> [WHAT YOU ARE ASKED TO DO] From the entries below, reproduce exactly the line containing "PSA 735318908 Tretie", the line containing "Used 2014 Chevrolet", and every line in between, with nothing added.

> [EXTRACTED ENTRIES]

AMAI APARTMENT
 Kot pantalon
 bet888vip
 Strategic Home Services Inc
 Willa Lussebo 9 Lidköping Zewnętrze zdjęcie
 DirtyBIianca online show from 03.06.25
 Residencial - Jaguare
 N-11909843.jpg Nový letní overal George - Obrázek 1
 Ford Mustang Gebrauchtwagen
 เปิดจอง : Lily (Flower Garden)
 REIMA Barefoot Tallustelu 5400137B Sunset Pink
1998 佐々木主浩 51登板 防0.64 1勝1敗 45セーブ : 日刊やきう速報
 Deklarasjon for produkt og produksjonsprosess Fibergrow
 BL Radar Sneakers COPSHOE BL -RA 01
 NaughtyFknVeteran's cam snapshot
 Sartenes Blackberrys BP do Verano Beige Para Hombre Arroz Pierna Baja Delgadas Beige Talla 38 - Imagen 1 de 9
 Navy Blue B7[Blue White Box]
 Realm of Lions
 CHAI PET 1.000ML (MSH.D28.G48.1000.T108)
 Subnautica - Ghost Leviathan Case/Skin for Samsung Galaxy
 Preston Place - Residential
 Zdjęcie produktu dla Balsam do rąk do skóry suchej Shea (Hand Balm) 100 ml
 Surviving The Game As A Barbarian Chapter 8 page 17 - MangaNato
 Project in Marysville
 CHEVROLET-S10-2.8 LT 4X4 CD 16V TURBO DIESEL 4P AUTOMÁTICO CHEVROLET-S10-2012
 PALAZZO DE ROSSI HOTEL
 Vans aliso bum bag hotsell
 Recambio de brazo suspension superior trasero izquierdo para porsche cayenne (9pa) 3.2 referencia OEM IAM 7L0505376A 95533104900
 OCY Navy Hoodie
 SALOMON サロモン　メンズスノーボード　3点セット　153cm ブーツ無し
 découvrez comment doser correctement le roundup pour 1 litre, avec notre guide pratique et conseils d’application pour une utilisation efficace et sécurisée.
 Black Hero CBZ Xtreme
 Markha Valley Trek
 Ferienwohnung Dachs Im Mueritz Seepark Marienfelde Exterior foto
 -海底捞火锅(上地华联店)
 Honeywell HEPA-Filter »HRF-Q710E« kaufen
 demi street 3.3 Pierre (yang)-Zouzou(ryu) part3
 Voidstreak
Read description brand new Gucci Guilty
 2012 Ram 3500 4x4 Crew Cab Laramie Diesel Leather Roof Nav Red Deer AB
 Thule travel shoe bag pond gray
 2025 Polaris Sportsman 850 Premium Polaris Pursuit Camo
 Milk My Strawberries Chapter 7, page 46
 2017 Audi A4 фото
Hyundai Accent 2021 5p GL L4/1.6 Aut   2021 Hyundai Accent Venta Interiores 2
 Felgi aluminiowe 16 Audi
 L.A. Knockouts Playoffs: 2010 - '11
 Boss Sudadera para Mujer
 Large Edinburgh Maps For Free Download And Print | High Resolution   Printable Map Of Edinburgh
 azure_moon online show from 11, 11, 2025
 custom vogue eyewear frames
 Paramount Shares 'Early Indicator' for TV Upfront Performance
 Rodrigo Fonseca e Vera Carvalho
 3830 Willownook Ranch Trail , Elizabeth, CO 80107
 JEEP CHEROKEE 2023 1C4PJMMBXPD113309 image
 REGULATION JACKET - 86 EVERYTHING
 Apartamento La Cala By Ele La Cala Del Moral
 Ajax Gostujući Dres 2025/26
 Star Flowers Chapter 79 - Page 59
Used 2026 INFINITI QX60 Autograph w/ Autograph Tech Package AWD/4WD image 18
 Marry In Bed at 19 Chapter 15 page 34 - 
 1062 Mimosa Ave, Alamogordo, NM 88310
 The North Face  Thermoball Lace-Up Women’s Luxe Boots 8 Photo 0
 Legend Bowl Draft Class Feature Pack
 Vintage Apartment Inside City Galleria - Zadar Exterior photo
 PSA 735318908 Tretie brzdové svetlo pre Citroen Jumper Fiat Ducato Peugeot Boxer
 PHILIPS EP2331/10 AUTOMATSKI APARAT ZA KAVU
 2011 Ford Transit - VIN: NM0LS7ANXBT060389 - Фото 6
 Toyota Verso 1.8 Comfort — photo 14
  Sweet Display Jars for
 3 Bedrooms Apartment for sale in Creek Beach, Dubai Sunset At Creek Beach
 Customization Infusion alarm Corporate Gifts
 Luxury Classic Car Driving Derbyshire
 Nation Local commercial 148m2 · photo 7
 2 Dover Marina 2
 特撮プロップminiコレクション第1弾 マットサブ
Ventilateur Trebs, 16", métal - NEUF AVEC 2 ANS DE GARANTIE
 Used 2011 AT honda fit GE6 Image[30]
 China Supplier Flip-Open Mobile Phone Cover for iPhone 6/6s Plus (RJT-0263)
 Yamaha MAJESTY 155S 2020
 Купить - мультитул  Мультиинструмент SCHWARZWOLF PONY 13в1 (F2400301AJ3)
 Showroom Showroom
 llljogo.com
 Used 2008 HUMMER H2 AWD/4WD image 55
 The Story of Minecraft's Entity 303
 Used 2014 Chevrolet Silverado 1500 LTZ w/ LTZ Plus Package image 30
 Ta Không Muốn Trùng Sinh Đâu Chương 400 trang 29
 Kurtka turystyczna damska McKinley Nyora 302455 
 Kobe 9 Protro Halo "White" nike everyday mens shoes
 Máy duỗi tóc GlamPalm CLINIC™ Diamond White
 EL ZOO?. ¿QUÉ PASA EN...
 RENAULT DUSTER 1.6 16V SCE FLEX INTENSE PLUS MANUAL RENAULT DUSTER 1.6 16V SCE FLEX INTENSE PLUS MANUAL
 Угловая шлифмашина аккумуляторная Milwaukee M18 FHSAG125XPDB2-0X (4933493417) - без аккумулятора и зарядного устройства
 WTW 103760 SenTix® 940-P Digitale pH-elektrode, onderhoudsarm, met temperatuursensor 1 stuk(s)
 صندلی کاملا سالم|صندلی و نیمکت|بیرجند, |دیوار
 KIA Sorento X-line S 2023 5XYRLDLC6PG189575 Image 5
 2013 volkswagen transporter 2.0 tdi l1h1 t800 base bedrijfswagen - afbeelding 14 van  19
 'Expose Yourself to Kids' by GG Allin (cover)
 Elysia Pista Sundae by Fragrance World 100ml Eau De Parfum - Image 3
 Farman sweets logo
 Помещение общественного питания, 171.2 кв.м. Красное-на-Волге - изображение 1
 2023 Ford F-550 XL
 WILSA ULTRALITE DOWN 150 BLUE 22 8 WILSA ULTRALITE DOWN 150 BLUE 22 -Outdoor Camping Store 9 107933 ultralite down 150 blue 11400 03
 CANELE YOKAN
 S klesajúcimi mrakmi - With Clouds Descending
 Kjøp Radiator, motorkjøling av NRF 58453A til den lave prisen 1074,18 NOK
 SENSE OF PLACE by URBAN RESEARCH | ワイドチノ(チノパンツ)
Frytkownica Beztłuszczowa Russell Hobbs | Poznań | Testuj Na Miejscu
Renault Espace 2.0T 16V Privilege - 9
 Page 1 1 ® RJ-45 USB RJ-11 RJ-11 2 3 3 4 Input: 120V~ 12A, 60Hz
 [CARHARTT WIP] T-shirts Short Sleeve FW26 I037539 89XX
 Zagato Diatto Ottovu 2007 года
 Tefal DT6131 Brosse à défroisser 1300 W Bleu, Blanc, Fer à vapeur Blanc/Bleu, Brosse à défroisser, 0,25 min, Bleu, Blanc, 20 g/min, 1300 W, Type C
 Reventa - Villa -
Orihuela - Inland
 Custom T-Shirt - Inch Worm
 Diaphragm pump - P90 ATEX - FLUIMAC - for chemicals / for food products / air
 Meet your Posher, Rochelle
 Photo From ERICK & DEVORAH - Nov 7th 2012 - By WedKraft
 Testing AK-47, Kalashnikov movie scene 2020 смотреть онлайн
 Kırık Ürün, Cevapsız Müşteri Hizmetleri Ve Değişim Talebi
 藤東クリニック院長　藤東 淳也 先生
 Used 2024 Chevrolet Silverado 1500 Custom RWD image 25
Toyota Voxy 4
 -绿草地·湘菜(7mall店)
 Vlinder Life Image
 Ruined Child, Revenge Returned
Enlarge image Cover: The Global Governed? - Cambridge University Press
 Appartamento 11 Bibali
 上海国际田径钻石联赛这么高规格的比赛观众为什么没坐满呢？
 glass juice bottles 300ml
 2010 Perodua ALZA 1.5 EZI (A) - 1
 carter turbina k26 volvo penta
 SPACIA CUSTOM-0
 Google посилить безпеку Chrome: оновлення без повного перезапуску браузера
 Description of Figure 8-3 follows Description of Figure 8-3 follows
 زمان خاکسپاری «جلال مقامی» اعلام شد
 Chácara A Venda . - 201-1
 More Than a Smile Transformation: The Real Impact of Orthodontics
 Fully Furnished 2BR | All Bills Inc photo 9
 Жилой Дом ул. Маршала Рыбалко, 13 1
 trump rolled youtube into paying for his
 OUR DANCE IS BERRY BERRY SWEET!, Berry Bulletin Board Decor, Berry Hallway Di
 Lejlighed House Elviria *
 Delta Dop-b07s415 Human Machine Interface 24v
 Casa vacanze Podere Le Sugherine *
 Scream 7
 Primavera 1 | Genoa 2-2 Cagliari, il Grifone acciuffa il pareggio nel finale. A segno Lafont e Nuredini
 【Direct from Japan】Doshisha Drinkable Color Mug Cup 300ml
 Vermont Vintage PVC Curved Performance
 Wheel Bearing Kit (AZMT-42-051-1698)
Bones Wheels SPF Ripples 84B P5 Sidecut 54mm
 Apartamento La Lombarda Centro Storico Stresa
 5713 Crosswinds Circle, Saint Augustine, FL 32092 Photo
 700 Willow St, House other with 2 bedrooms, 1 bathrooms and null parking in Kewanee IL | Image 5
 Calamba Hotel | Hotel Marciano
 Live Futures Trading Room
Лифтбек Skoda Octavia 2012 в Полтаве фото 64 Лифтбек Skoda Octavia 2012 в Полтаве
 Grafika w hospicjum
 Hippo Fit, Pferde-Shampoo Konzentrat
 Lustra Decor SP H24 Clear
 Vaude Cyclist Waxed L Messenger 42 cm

> [SOLUTION TO THIS TASK]
 PSA 735318908 Tretie brzdové svetlo pre Citroen Jumper Fiat Ducato Peugeot Boxer
 PHILIPS EP2331/10 AUTOMATSKI APARAT ZA KAVU
 2011 Ford Transit - VIN: NM0LS7ANXBT060389 - Фото 6
 Toyota Verso 1.8 Comfort — photo 14
  Sweet Display Jars for
 3 Bedrooms Apartment for sale in Creek Beach, Dubai Sunset At Creek Beach
 Customization Infusion alarm Corporate Gifts
 Luxury Classic Car Driving Derbyshire
 Nation Local commercial 148m2 · photo 7
 2 Dover Marina 2
 特撮プロップminiコレクション第1弾 マットサブ
Ventilateur Trebs, 16", métal - NEUF AVEC 2 ANS DE GARANTIE
 Used 2011 AT honda fit GE6 Image[30]
 China Supplier Flip-Open Mobile Phone Cover for iPhone 6/6s Plus (RJT-0263)
 Yamaha MAJESTY 155S 2020
 Купить - мультитул  Мультиинструмент SCHWARZWOLF PONY 13в1 (F2400301AJ3)
 Showroom Showroom
 llljogo.com
 Used 2008 HUMMER H2 AWD/4WD image 55
 The Story of Minecraft's Entity 303
 Used 2014 Chevrolet Silverado 1500 LTZ w/ LTZ Plus Package image 30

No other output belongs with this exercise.